Question

explain why the graph of the quadratic function (f(x)=x^{2}+x + 1) crosses the y - axis but does not cross the x - axis.

choose the correct answer below.

a. the graph does not cross the x - axis because the domain of (f(x)) is limited to positive values of (x). the graph crosses the y - axis because the range of (f(x)) is all real numbers.

b. the graph does not cross x - axis because it cannot be factored. the domain of (f(x)) is all real numbers, so the graph crosses the y - axis at (x = 0).

c. the graph does not cross the x - axis because there are no real solutions to the equation (f(x)=0). the domain of (f(x)) is all real numbers, so the graph crosses the y - axis at (y = 1) because that is the solution to the equation (f(y)=0).

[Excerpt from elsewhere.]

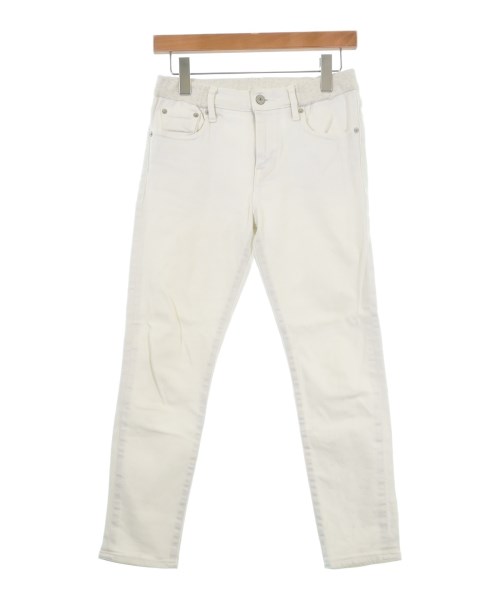 バーンヤードストーム(BARNYARDSTORM)のBARNYARDSTORM デニムパンツ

d. the graph does not cross the x - axis because there are no real solutions to the equation (f(x)=0). the graph does cross the y - axis at (y = 1) because that is the solution to the equation (f(0)=0).

Explanation:

Step1: Recall x - and y - intercept concepts

The y - intercept of a function \(y = f(x)\) is found by setting \(x = 0\). For \(f(x)=x^{2}+x + 1\), when \(x = 0\), \(f(0)=0^{2}+0 + 1=1\), so the graph crosses the y - axis at \(y = 1\).

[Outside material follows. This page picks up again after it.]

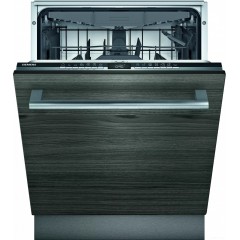 Посудомоечная машина Siemens SN63EX14CE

Step2: Analyze x - intercepts

The x - intercepts are found by solving \(f(x)=0\), i.e., \(x^{2}+x + 1 = 0\). Use the quadratic formula \(x=\frac{-b\pm\sqrt{b^{2}-4ac}}{2a}\) for a quadratic equation \(ax^{2}+bx + c = 0\). Here, \(a = 1\), \(b = 1\), \(c = 1\). Then the discriminant \(\Delta=b^{2}-4ac=1^{2}-4\times1\times1=1 - 4=- 3<0\). When \(\Delta<0\), there are no real solutions to the quadratic equation, so the graph does not cross the x - axis.

Answer:

D. The graph does not cross the x - axis because there are no real solutions to the equation \(f(x)=0\). The graph does cross the y - axis at \(y = 1\) because \(f(0)=1\).